Firebase JWT tokens

[davidmartos96]

Would it be possible to add support for validation of Firebase generated auth JWT tokens?
Unfortunately those tokens are not always generated with the same private key, so to verify them, the public key needs to be fetched at run time.

I'm not sure if there would be a way to implement this in a general way for other providers, but Firebase being one of the most popular BaaS, it might be worth adding a special way of handling it to simplify the auth flow.

More information here:

https://firebase.google.com/docs/auth/admin/verify-id-tokens?hl=en#verify_id_tokens_using_a_third-party_jwt_library

[alco]

Hey @davidmartos96 👋

Thanks for the request!

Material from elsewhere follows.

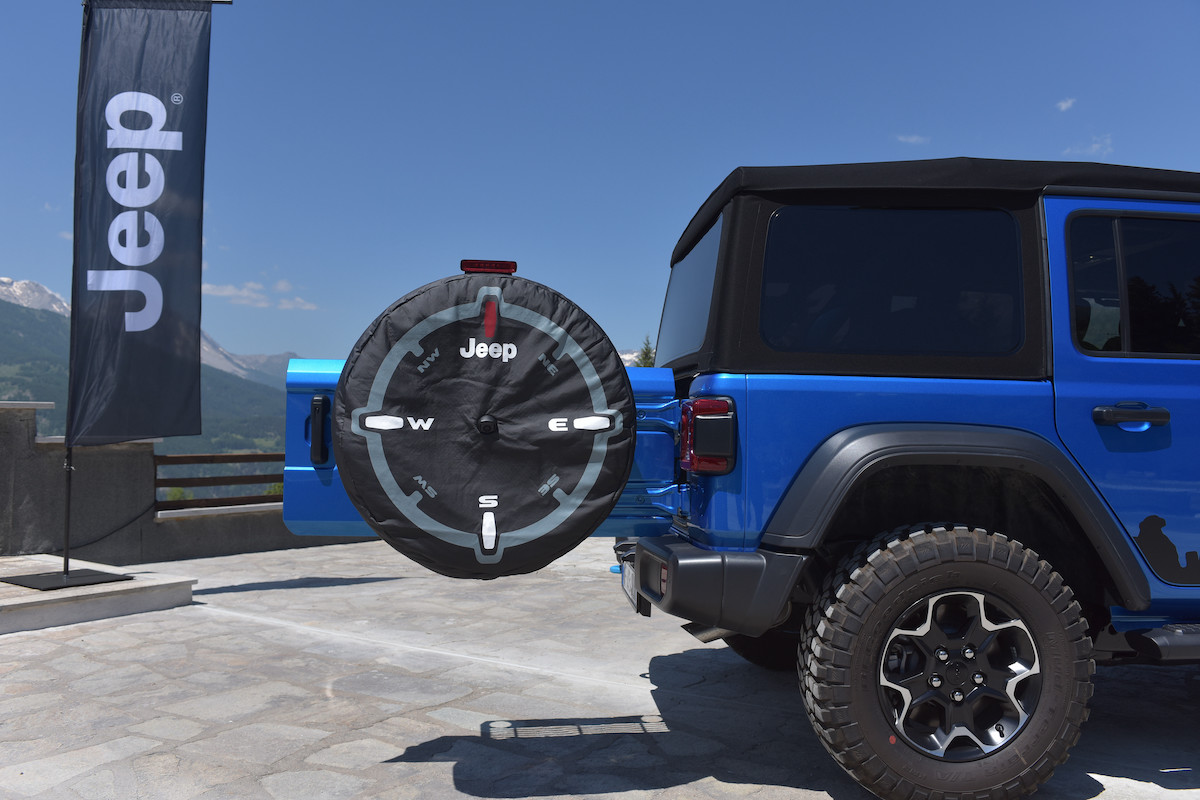 Mopar, presenta la nuova linea di accessori per la Jeep Wrangler 4xe
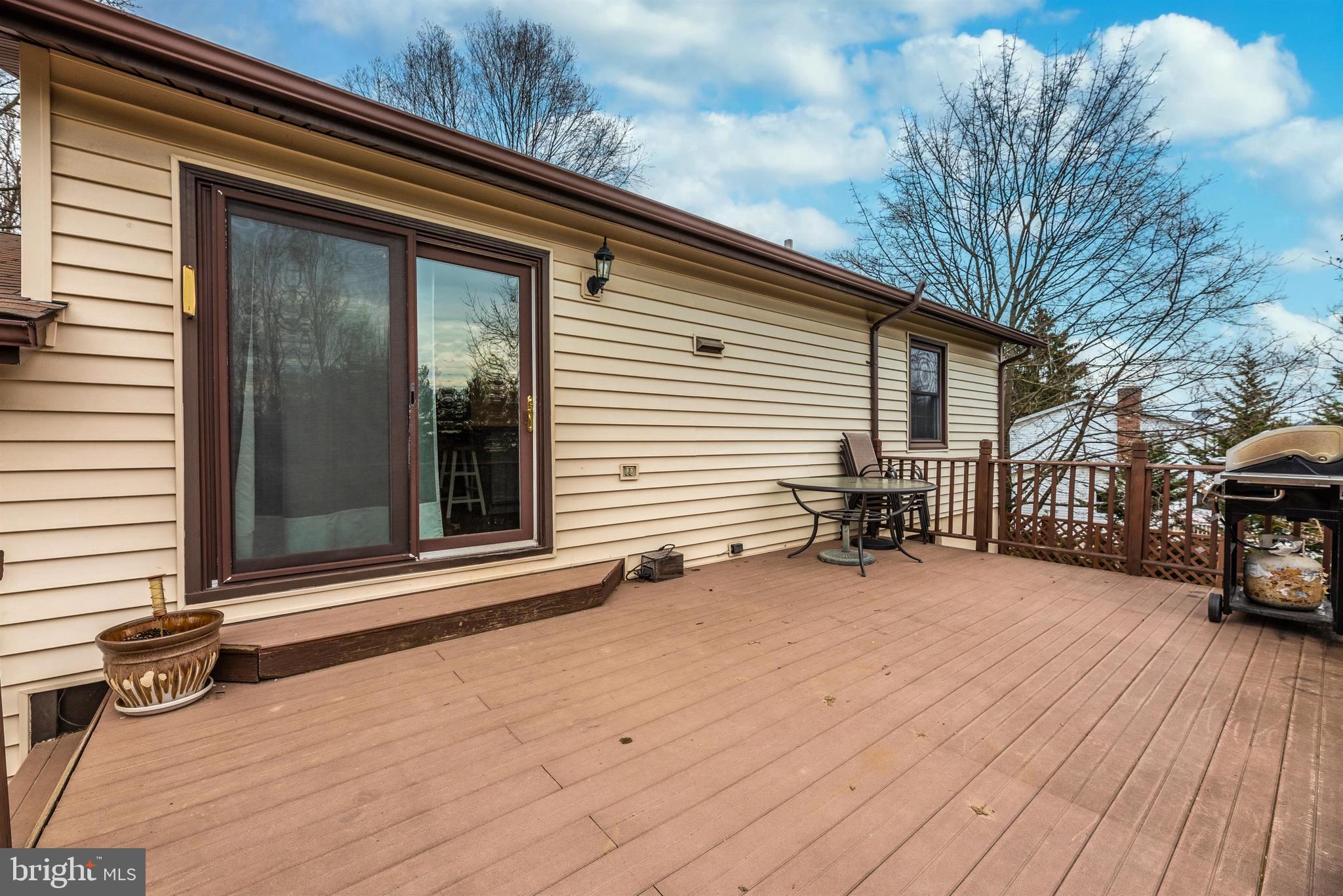 6541 South Clifton Road Frederick, MD 21703 - Photo 36 of 50 Slider to Deck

I've converted it from an issue to a discussion.

To your point, Firebase implements the JWK standard by including kid in the JWT header and providing an endpoint where its public keys can be fetched from. As a matter of fact, we have an internal issue for implementing key lookup at runtime. So this capability can work in a generic fashion and support not only Firebase but other providers that follow the RFC.

VAX-690 is the relevant internal issue.

[davidmartos96]

@alco I didn't know about JWK, thanks for the information! Glad to hear it is being considered

[KyleAMathews]

👋 we've been working the last month on a rebuild of the Electric server over at a temporary repo https://github.com/electric-sql/electric-next/

You can read more about why we made the decision at https://next.electric-sql.com/about

We're really excited about all the new possibilities the new server brings and we hope you'll check it out soon and give us your feedback.

We're now moving the temporary repo back here. As part of that migration we're closing all the old issues, PRs, and discussions. We really appreciate you taking the time to start this discussion! If it's still relevant in the new system, please reopen.